Garlic yoghurt toum with sweet potato crisps and za’atar
Toum is a Lebanese garlic dip, which is really spicy and garlicky-lemon-licious. It can also be thinned and used as a dressing or marinade — I love it with chips or crunchy celery or cucumber.
Place the peeled garlic bulb, water and salt in a food processor and process until pureed. Slowly add in the extra virgin olive oil until the mixture emulsifies and becomes whipped, light and creamy, like mayonnaise, then add the yoghurt to make it into a dip. Mix in the lemon juice, to taste.
Serve garnished with dill and za’atar and with sweet potato crisps for dipping. It will keep in a container in the fridge for up to 1 week.
These cabbage “tacos” are filled with juicy lamb mince, infused with Greek herbs, olives and red wine, topped off with creamy feta and crunchy pumpkin seeds. Absolutely delicious. Once assembled you could bake the cabbage tacos in a moderate oven if desired.
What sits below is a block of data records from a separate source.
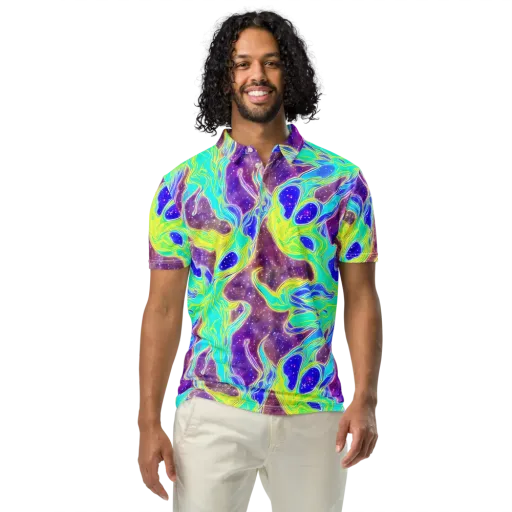 Galactic Marble on a Men's Slim Fit Polo Shirt
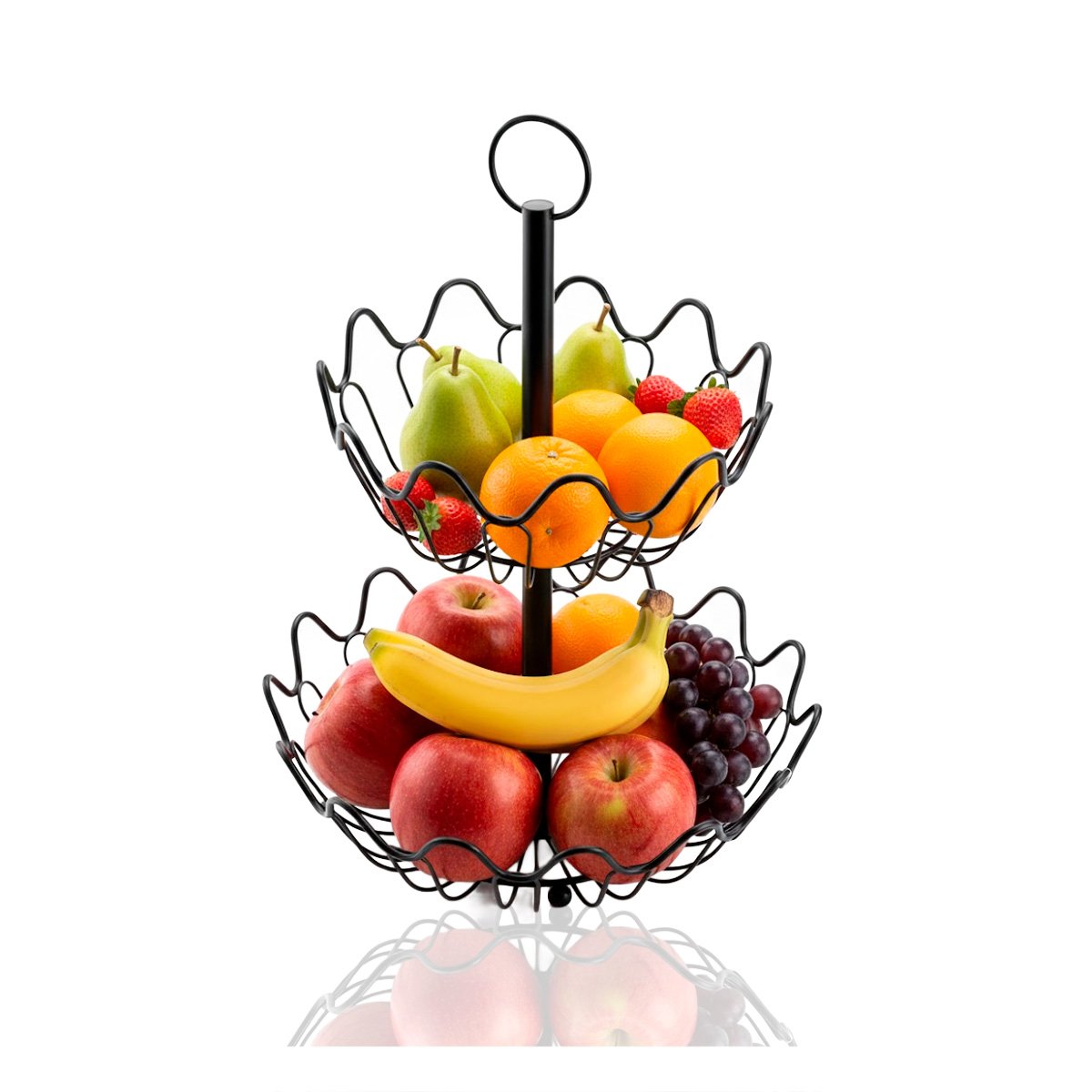 PACK6 FRUTERO DE MESA 2 NIVELES CIRCULAR ONDULADO COLOR NEGRO Y+REGALO STICKER - 2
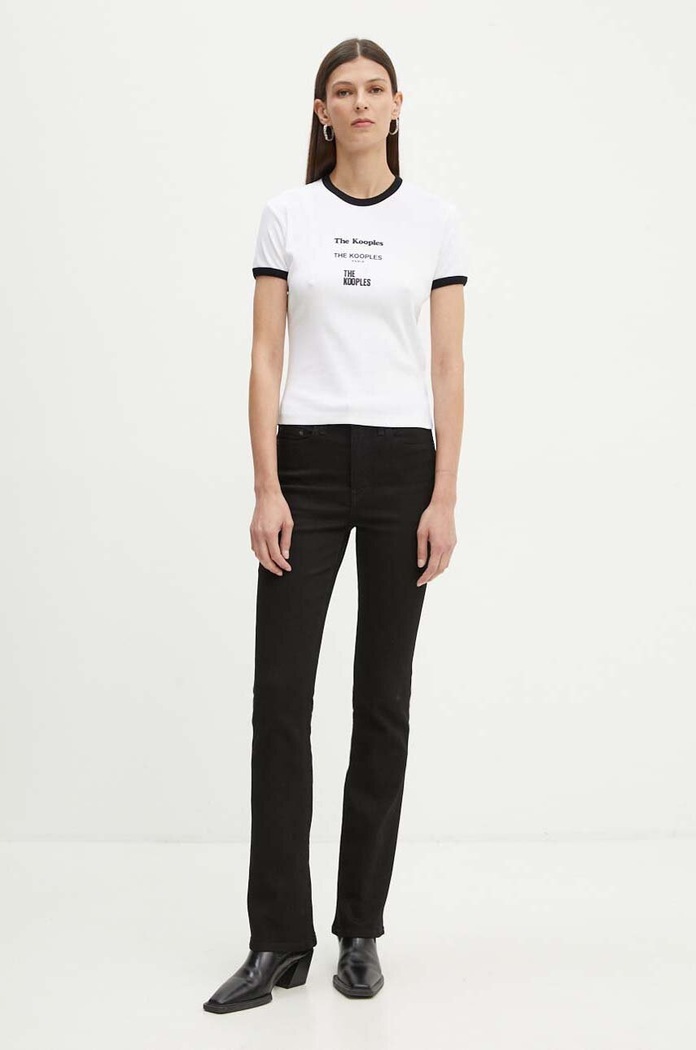 Bavlnené tričko The Kooples FTSC29000K biela AW24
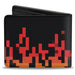 Bi-Fold Wallet - 8-Bit Pixel Flames Black Oranges Reds Bi-Fold Wallets Buckle-Down   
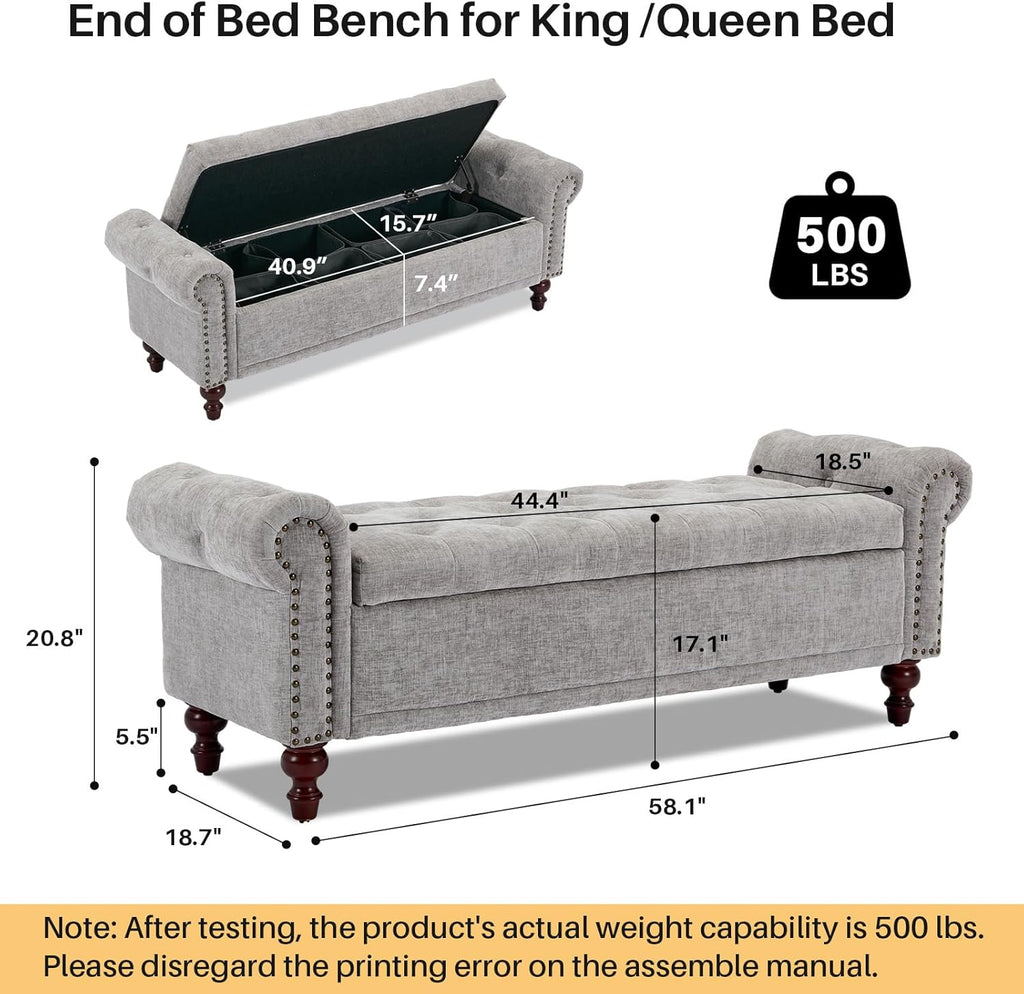 58.1'' Storage Bench Upholstered Chenille End of Bedroom Bed Bench Ottoman with Tufted Cushioned Rolled Arm Large Storage Space for Reading Living Room Entryway, Light Grey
1 small red cabbage, leaves carefully pulled apart
Start off by frying your lamb mince in a dry frying pan over a medium-high heat for 10 minutes, till crumbly and golden brown. Drain off any extra lamb fat and transfer the lamb to a bowl.
Heat the olive oil in the same frying pan over medium-high heat, add the onion and cook for a few minutes until softened down and sweet, then add the garlic, herbs and cinnamon. Return the lamb mince to the pan and tip in the olives, if using, passata, wine and balsamic vinegar to bubble away until most of the liquid is absorbed. You want quite a dry mix so the tacos are not too messy or drippy. Season, taste and adjust as necessary. Set aside, or you can pop it in a low oven to keep warm.
Pop the pumpkin seeds into a skillet pan with a smidge of olive oil and get them nice and toasty. Season well and set aside.
Spread out the cabbage leaves on a wooden board and spoon a little warm mince into each. Top with feta, pumpkin seeds and extra fresh herbs and let everyone dig in.
Spinach & ricotta gnudi with lemon, sage and pine nut brown butter sauce
Serves 3-4
The soft, pillowy gnocchi-like dumplings are made with ricotta instead of potato, which makes them lighter and less chewy than their cousins. The gnudi are then baked instead of boiled and drenched in a wonderfully buttery finger-licking sauce.
Preheat the oven to 180C. Line a baking tray with baking paper.
First up, blanch the spinach by boiling the kettle and pouring the boiling water over the spinach to wilt. Drain off the water quickly, as otherwise it will continue to cook. Allow the spinach to cool slightly, then squeeze dry with your hands and chop finely.
Place the spinach in a bowl with the remaining gnudi ingredients and mix well. Roll the mixture into balls, then place them on the prepared tray and bake for 20 minutes or until golden. While they are baking make the sauce.
Place the butter in a saucepan or frying pan over medium-high heat. Once the butter has nearly melted, add the sage leaves, pine nuts and dried chilli flakes, and continue to cook for 2–3 minutes, until the sage is frizzled and the butter has gone a lovely golden-brown colour and smells sweet and nutty. Remove from the heat and squeeze in the lemon juice. Stir to combine.
Place the gnudi in a serving bowl and drizzle with the butter sauce, then add shavings of parmesan and season once more. Serve immediately.
Waldorf-y in vibe, this is a real fave of mine with its bright, fresh, crunchy notes and a real zing that screams sunshine even in the heart of winter. The ashed goats cheese adds a distinctive earthy flavour with subtle smokiness, and offers a beautiful colour pop of charcoal and crisp white.
Place your hazelnuts on a baking tray, then dry-roast for about 10 minutes (make sure you set the timer, you do not want to burn them). Remove, cool slightly and pop into a clean tea towel, rubbing to remove the excess skins. Chop roughly and set aside.
Using a mandoline, food processor or sharp knife, finely shave your fennel bulb and place on a serving plate, reserving the fronds. Follow with your grapes, ashed goat’s cheese, chopped hazelnuts and plenty of parsley. Fold everything gently to combine. Sprinkle over lemon zest, then squeeze the juice into a jug and stir in some extra virgin olive oil, to make a simple dressing. Pour this all over the salad, season well, top with fennel fronds and take it to the table to tuck in.